**What this task involves:** All that is wanted is the exact text of the lines below from the one with "Braut LGBTQ Einhorn" through the one with "Light Green Background", inclusive, minus any pictures.

**Data for this task:**
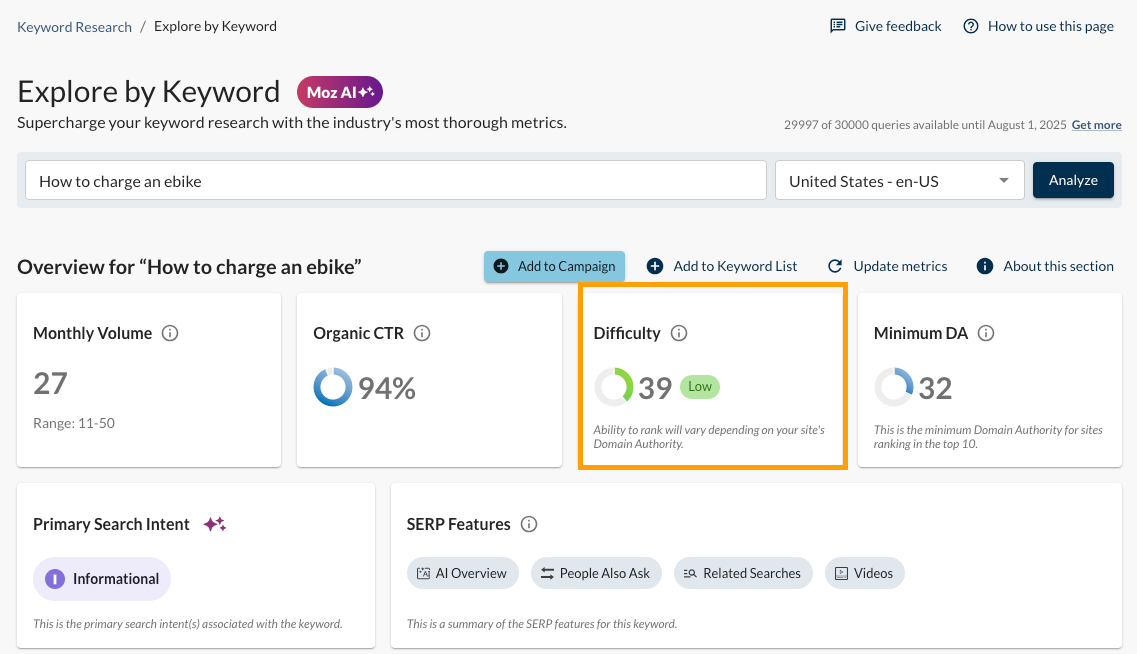 Screenshot of the Explore By Keyword Tool with the Difficulty metric marked.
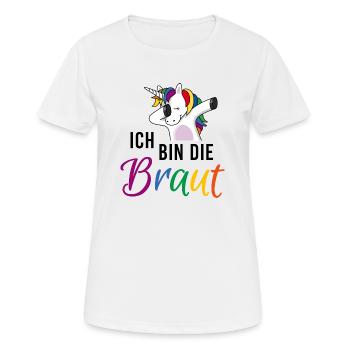 Braut LGBTQ Einhorn JGA Junggesellinnenabschied - Frauen T-Shirt atmungsaktiv - Weiß - Vorne - AI Model Female 172 dark (172cm)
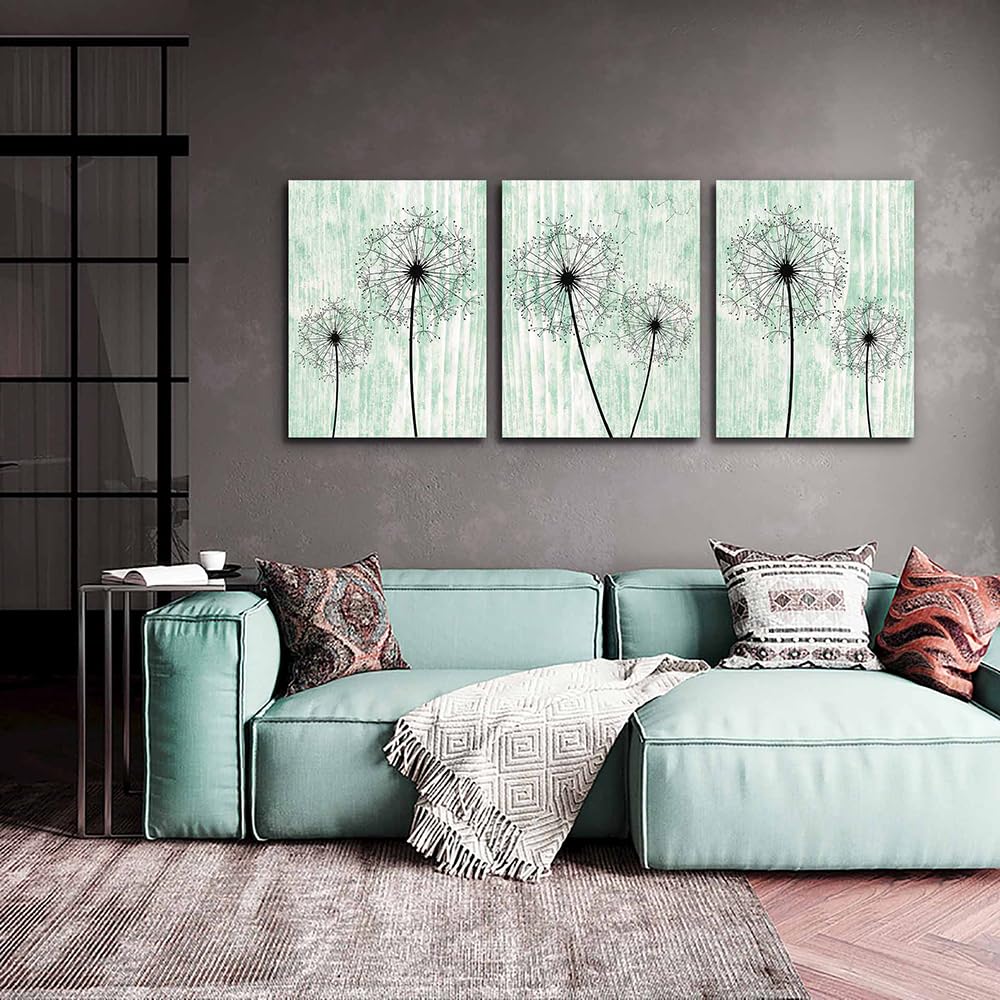 Light Green Background Dandelion Canvas Wall Art Paintings For Living Room Large Size Wall Artworks Bedroom Decoration 3 Piece F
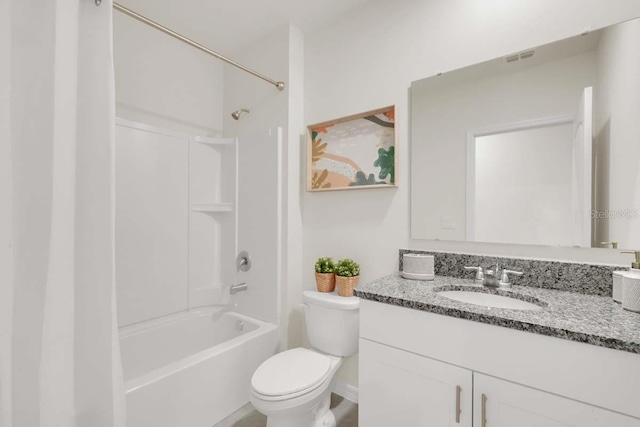 full bathroom featuring shower / washtub combination, toilet, and vanity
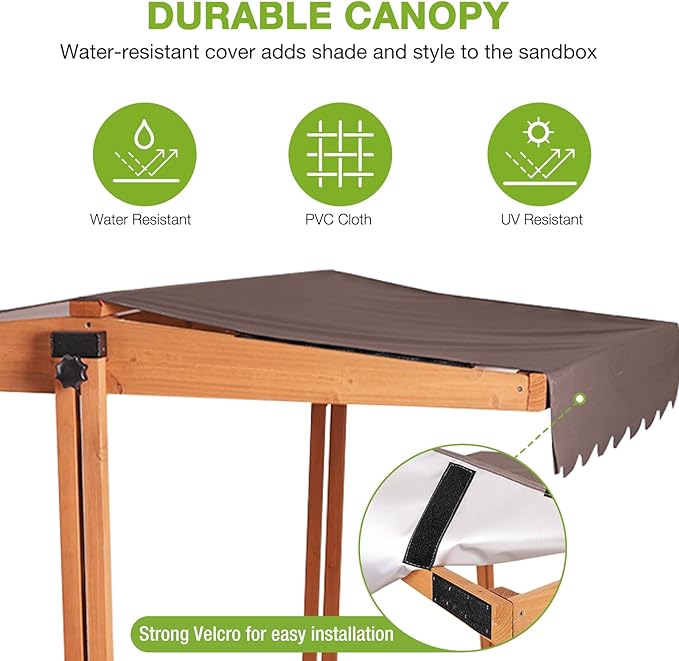GUTINNEEN Wooden Sandbox with Adjustable Canopy, Outdoor Kids Sand Box with Foldable Benches, Sand Liner, Retractable Roof, 47¡±Lx47¡±Wx52¡±H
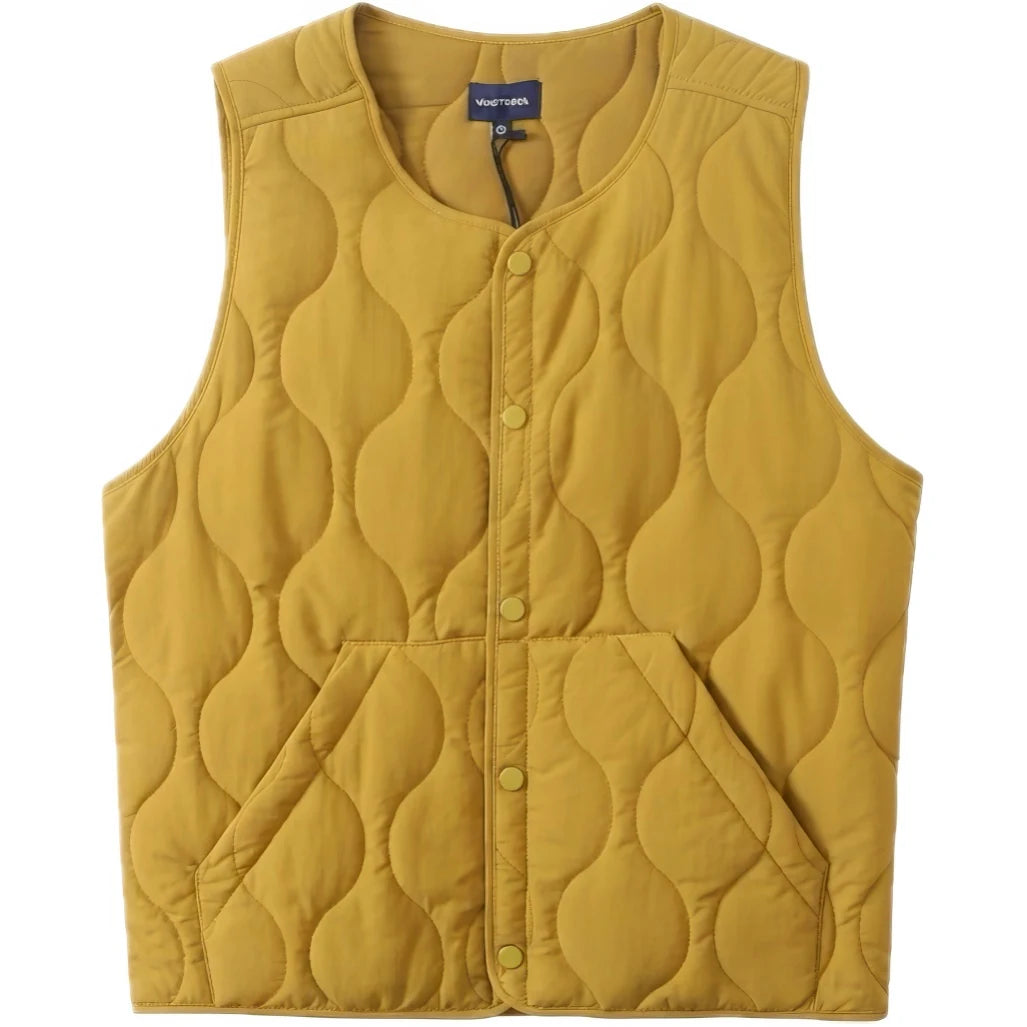 Doudoune sans manche jaune homme, encolure ronde et pressions, vue de face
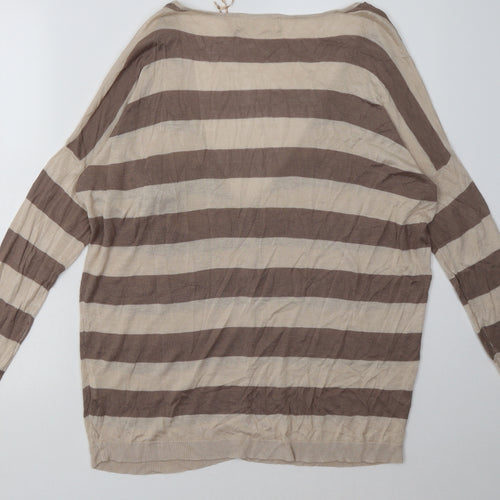 Nicole Womens Brown V-Neck Striped Viscose Cardigan Jumper One Size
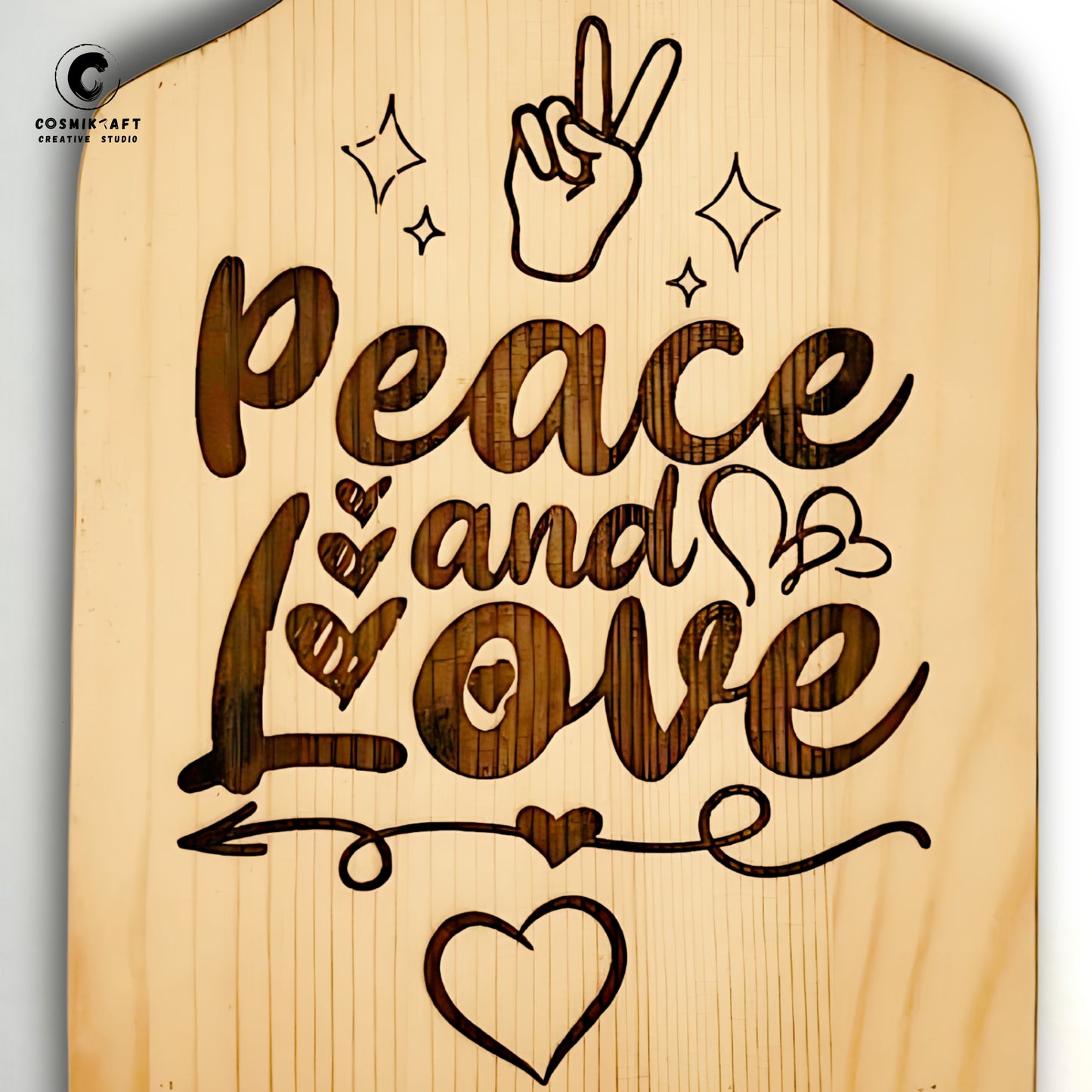 Peace & Love Engraved Cheese Board – Perfect Wall Decor for Door, Living Room, or Kitchen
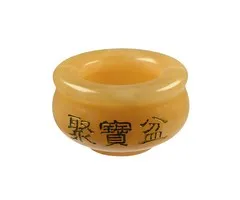 Chinese Money Bowl Calciet oranje 5 cm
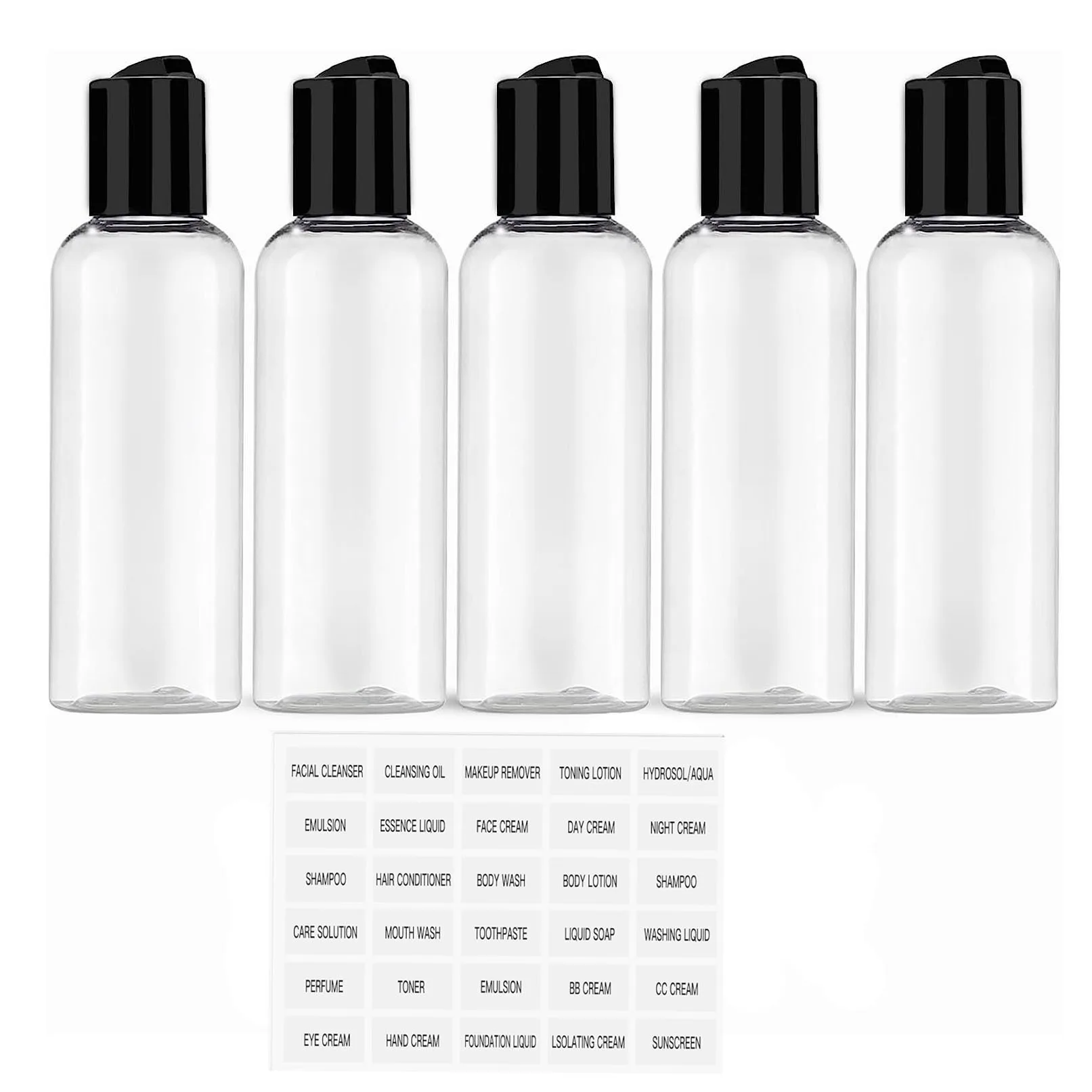 5PCS 100ML Refillable Empty Plastic Transparent Bottle with Flip Cap Portable Squeeze Shampoo Conditioner Travel Bottles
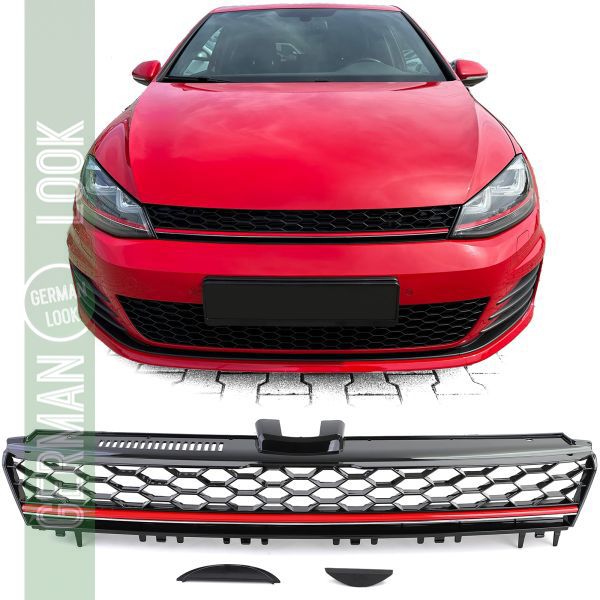 Calandre nid d'abeille sans emblème noir brillant pour VW Golf 7.5 17-21 GTI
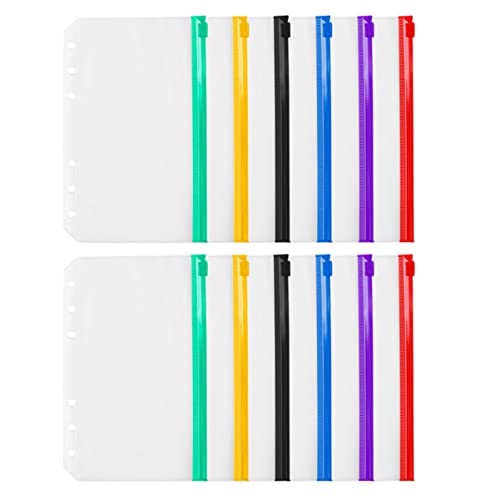 DINHEAROM 12 Stück PVC Reißverschluss Taschen Bunte Dokumenten Taschen für Lose für Büro Schule Zuhause und Reisen Transparent für Schnellen Zugriff Inhalte von DINHEAROM
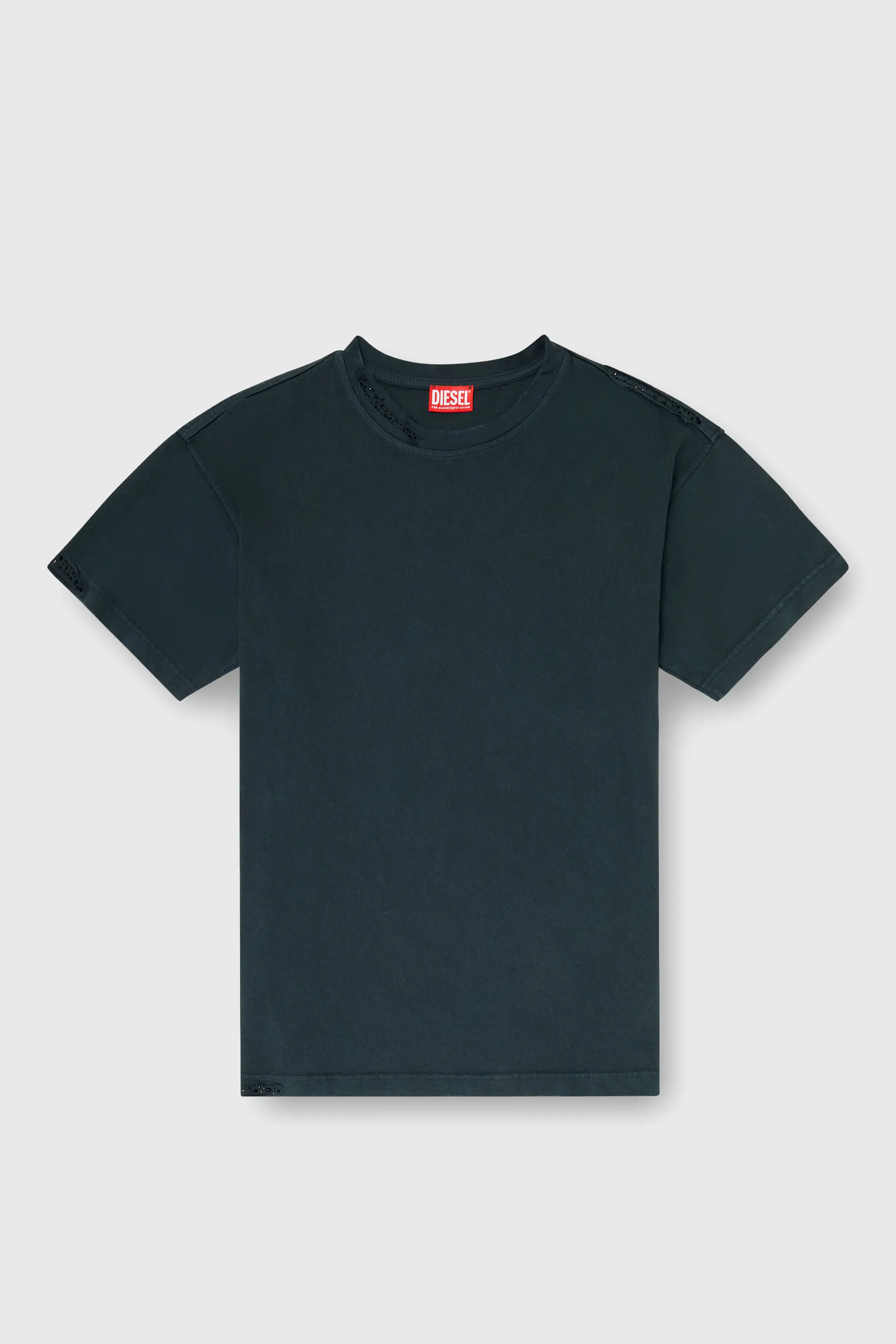 T-shirt with frayed edges and crystal details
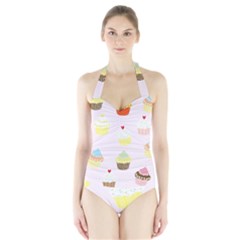 Seamless Cupcakes Wallpaper Pattern Background Halter Swimsuit by Nexatart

**Answer for this exercise:**
 Braut LGBTQ Einhorn JGA Junggesellinnenabschied - Frauen T-Shirt atmungsaktiv - Weiß - Vorne - AI Model Female 172 dark (172cm)
 Light Green Background Dandelion Canvas Wall Art Paintings For Living Room Large Size Wall Artworks Bedroom Decoration 3 Piece F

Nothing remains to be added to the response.